Count me in on the pass. (Assuming an EA soon to be FC counts) But I don't have much to offer 

Also about getting "in". it really takes asking. I asked a friend at work if he knew any and I happened to work with someone who has been involved for many many years.

Dont be afraid to ask!

Here's the pass: http://www.clubstogie.com/vb/showthread.php?t=124402


----------



## rx2010 (Jan 4, 2007)

livwire68 said:


> There have been a few threads posted about this as well, which may answer your questions or bring about new ones. Check out the search function, I believe some are lengthy. Or you could just PM one :tu pssst not me but someone else who answered your question. :tu


lengthy indeed, thanks for the tip, it hadn't even occurred to me


----------



## BamaDoc77 (Jan 31, 2007)

Booker, oh Booker.............


----------



## Snakeyes (Mar 1, 2007)

Checking in :tu


----------



## Kngof9ex (May 24, 2007)

The way hes been gettin around lately he might put himself in the box...



BamaDoc77 said:


> Booker, oh Booker.............


----------



## Conch Republican (Nov 21, 2007)

I don't know - the shipping could hurt! :ss:ss:ss:ss

We have several PM's so far, and a few interested PM's as well.

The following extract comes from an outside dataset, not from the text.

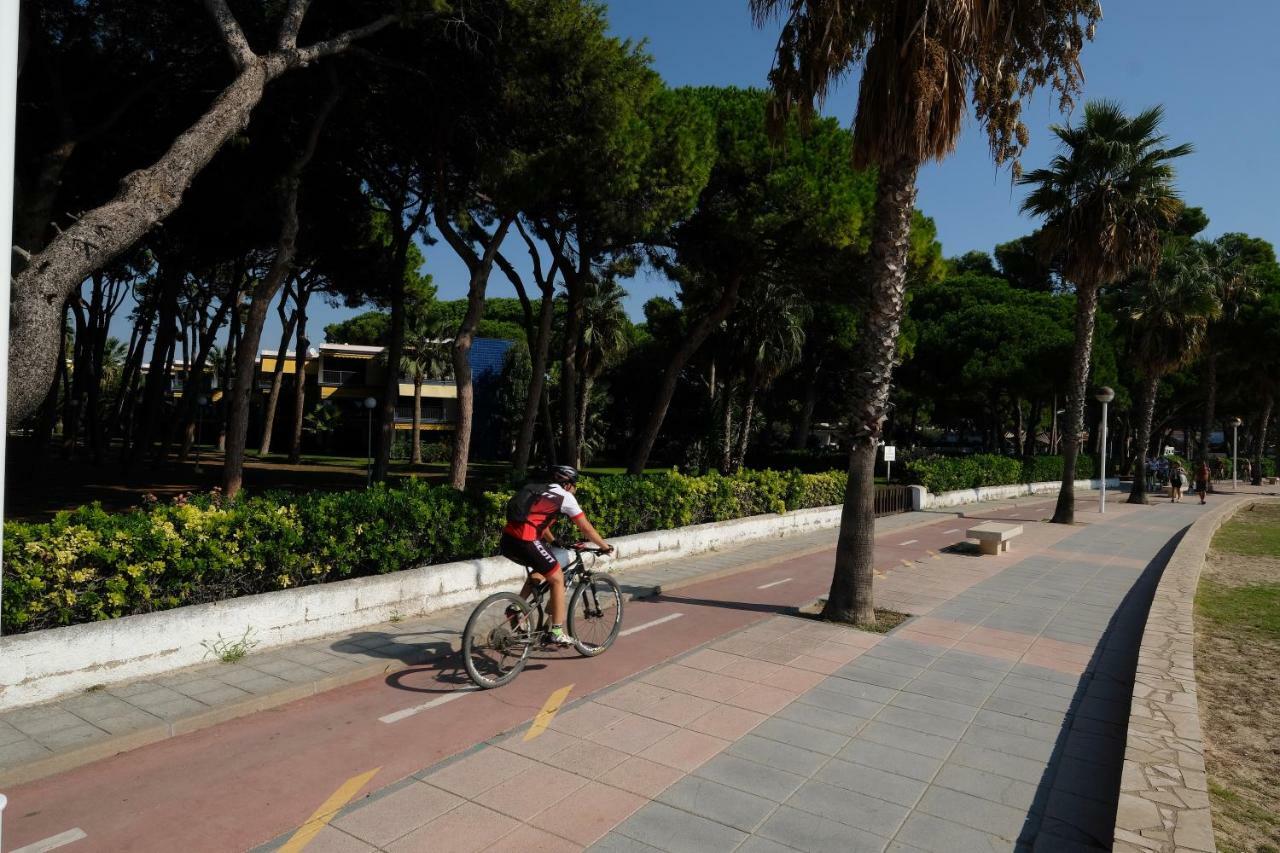 85 Avinguda De La Diputacio Apartment Cambrils Luaran gambar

We will give the list a few days to square out, then start sharing!:cb


----------



## White97Jimmy (May 12, 2006)

Hopefully he shipped himself in a flat rate box!


----------



## shaggy (Dec 28, 2006)

White97Jimmy said:


> Hopefully he shipped himself in a flat rate box!


booker aint flat....:r

was i allowed to post that in this thread as i am not a mason????


----------



## M1903A1 (Jun 7, 2006)

One more "travelling man" checking in....:tu


----------



## BamaDoc77 (Jan 31, 2007)

M1903A1 said:


> One more "travelling man" checking in....:tu


Good to have ya brother.


----------



## dayplanner (Dec 11, 1997)

shaggy said:


> was i allowed to post that in this thread as i am not a mason????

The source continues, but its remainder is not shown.